BACK PACK SAFETY
There has been a 330% increase in backpack injuries among children
since 1996.
STUDY: Backpack Use Directly Associated with Back Pain in
Adolescents Spine 2003;28(9):922-930
Compliments of Backpack Safety America
Objective: Investigate relationship between baackpack use and back
pain in adolescents.
Summary: Prevalence of nonspecific back pain increases dramatically
during adolescence.
Methods: 1126 children, ages 12-18 complete questionnaire about
their health, activities, and backpack use. Each child’s body
weight, height, and backpack weight were measured.
Children classified as having back pain if one or more of the following
were reported durnig the preceding month:
1. Neck or back pain that had interefered with school or leisure.
2. Neck or back pain with a severity rating of 2 or more on a scale
of 0 to 10.
3. Visited a healthcare professional for neck or back pain.
4. Exemption from physical education or sports because of neck or
back pain.
Results:
1. Of 1122 backpack users, 835 (74.4%) classified as having back
pain.
2. Females 2 times more likely to have back pain.
3. Back pain more likely in students reporting poorer general health.
4. Adolescents with back pain carried significantly heavier backpacks.
Conclusion:
Use of backpacks during school day and backpack weights independently
associated with back pain.
Now that kids -even little ones- tote backpacks everywhere,
backpack-related aches and pains are on the rise.
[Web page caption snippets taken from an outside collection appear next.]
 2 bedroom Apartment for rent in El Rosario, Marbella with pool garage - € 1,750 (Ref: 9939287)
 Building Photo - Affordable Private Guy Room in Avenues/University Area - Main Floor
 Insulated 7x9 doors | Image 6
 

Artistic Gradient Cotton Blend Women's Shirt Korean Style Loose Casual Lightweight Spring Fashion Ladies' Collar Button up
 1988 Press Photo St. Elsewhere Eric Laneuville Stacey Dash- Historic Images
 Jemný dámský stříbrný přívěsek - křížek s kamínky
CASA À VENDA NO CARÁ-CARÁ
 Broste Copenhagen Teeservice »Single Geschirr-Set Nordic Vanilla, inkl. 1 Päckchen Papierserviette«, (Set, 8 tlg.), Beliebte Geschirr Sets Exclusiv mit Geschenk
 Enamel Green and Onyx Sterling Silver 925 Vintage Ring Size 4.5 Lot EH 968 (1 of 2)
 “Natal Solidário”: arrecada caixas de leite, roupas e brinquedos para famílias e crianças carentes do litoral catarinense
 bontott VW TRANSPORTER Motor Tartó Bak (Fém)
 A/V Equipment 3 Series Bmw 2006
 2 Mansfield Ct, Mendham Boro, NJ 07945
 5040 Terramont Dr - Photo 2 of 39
The overloaded
packs can strain young muscles, especially when kids sling them
over one shoulder in an unbalanced fashion. Here are a few tips
to keep your child walking tall while carrying their stuff in style.
1. Don’t overload the backpack. Your child
should carry no more weight in their backpack than the weight they
can carry comfortably in their arms for a few minutes. To be sure
your child isn’t carrying more than they can safely bear,
notice their posture. Backpack wearers should walk normally, with
their shoulders down and back and their stomach muscles tightened.
2. Be sure the backpack is the right size. It
should not be wider or longer than your child’s torso. (The
torso extends from the bony bump at the base of the neck down to
the top of the hips.)
3. Make sure she wears the pack properly. The
backpack should be evenly centered in the middle of your child’s
back. You should also make sure the straps are snug but not excessively
tight. Straps that are too tight can cause the pack to ride up on
the child’s neck.
4. Keep the safety belt buckled. The best and
safest backpacks have belts at their base that can be buckled snugly
around the child’s waist. The waist belt helps distribute
the weight to the lower body so the hips and legs bear some of the
load. Insist your child uses it.
5. Check the contents of the bag. Anything that
could poke through the pack’s material, such as scissors,
should be stored in a protective container. Make sure your child’s
emergency contact information is inside.
6. Pack right! The maximum weight of the loaded
backpack should not exceed 15% of your child’s body weight.
Be sure to pack only what is needed. Load the heaviest items closest
to your back. Doing this distributes the weight between your back
and hips. It will help avoid the unsightly hunchback look.
7. Consider alternatives to standard backpacks.
Attention jocks and tiny people! If you’re heavily into sports
or extracurricular activities that require a ton of equipment, you
should consider one of those cool bags with wheels. No offense to
the more petite children out there, but they are super helpful for
adolescents who are smaller than average. If your child still wants
to use a backpack, try finding a backpack with multiple compartments
so weight can be more evenly distributed. If the child has a locker
available, make sure they are using it! Make locker stops to unload
the books or equipment that is not being used.